EXERCISE REQUIREMENTS: Where does the word "Logo" occur in the entries below? Copy every line that has it.

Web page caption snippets
**********

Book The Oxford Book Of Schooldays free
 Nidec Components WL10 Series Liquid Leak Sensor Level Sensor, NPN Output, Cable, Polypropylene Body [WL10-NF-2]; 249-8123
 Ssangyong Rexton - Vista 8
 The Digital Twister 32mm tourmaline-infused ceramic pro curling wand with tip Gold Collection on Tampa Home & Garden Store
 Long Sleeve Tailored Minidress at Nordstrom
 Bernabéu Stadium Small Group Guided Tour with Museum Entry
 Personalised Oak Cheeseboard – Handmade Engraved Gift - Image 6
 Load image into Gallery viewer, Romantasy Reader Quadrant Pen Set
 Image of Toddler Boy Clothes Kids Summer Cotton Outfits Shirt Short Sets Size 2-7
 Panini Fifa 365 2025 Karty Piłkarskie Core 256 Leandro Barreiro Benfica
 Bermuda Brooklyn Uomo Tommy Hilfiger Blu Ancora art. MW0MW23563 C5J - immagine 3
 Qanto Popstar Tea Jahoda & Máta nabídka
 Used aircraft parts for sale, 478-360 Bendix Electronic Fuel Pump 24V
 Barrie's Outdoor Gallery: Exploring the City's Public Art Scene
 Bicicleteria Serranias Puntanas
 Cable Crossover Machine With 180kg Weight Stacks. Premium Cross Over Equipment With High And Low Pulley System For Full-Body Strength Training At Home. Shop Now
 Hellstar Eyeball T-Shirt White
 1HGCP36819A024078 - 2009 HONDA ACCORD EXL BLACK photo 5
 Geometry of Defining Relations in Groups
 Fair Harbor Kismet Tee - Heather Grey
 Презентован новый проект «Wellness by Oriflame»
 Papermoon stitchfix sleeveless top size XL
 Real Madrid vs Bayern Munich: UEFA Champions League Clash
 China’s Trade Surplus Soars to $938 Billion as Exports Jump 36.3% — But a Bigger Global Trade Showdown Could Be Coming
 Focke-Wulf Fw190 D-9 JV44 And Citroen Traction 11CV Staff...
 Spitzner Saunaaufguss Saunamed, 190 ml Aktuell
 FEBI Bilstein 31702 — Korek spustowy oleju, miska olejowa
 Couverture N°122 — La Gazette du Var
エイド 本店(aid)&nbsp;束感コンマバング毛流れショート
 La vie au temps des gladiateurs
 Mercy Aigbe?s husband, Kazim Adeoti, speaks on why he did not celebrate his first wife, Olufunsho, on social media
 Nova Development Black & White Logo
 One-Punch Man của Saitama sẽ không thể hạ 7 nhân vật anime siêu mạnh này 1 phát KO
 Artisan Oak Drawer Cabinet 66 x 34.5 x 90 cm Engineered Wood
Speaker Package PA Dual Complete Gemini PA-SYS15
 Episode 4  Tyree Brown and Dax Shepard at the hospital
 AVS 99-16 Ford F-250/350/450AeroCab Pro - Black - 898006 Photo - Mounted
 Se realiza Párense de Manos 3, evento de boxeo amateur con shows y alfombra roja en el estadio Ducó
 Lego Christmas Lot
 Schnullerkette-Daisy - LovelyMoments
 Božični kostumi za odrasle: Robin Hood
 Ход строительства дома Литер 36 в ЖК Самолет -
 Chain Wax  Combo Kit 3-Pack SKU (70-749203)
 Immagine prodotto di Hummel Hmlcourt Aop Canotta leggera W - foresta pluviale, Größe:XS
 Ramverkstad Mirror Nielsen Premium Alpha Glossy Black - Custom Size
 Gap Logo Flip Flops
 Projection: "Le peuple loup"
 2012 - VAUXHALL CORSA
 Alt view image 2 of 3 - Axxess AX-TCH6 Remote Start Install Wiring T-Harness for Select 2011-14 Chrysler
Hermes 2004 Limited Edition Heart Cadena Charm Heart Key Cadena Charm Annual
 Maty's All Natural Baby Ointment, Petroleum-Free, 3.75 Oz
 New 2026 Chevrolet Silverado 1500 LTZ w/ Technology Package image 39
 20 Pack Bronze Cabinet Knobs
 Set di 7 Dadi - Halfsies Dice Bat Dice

**********

RESULT FOR THIS EXERCISE:
 Nova Development Black & White Logo
 Gap Logo Flip Flops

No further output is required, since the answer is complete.